## ASSIGNMENT
Please copy the data shown below, word for word.

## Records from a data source
--------------------
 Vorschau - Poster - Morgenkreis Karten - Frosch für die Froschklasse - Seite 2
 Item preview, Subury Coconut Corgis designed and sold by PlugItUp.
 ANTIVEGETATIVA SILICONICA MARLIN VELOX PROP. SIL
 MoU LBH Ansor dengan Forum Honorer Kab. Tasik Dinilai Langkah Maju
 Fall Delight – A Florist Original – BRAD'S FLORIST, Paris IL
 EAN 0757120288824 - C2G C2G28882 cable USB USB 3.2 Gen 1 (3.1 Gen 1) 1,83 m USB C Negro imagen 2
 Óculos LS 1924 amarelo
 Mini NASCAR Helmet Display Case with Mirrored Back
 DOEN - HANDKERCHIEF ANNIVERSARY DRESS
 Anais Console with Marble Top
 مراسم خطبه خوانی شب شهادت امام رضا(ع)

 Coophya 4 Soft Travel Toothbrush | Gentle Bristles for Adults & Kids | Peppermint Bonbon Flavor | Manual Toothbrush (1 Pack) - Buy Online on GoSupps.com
--------------------
## SOLUTION
 Vorschau - Poster - Morgenkreis Karten - Frosch für die Froschklasse - Seite 2
 Item preview, Subury Coconut Corgis designed and sold by PlugItUp.
 ANTIVEGETATIVA SILICONICA MARLIN VELOX PROP. SIL
 MoU LBH Ansor dengan Forum Honorer Kab. Tasik Dinilai Langkah Maju
 Fall Delight – A Florist Original – BRAD'S FLORIST, Paris IL
 EAN 0757120288824 - C2G C2G28882 cable USB USB 3.2 Gen 1 (3.1 Gen 1) 1,83 m USB C Negro imagen 2
 Óculos LS 1924 amarelo
 Mini NASCAR Helmet Display Case with Mirrored Back
 DOEN - HANDKERCHIEF ANNIVERSARY DRESS
 Anais Console with Marble Top
 مراسم خطبه خوانی شب شهادت امام رضا(ع)

 Coophya 4 Soft Travel Toothbrush | Gentle Bristles for Adults & Kids | Peppermint Bonbon Flavor | Manual Toothbrush (1 Pack) - Buy Online on GoSupps.com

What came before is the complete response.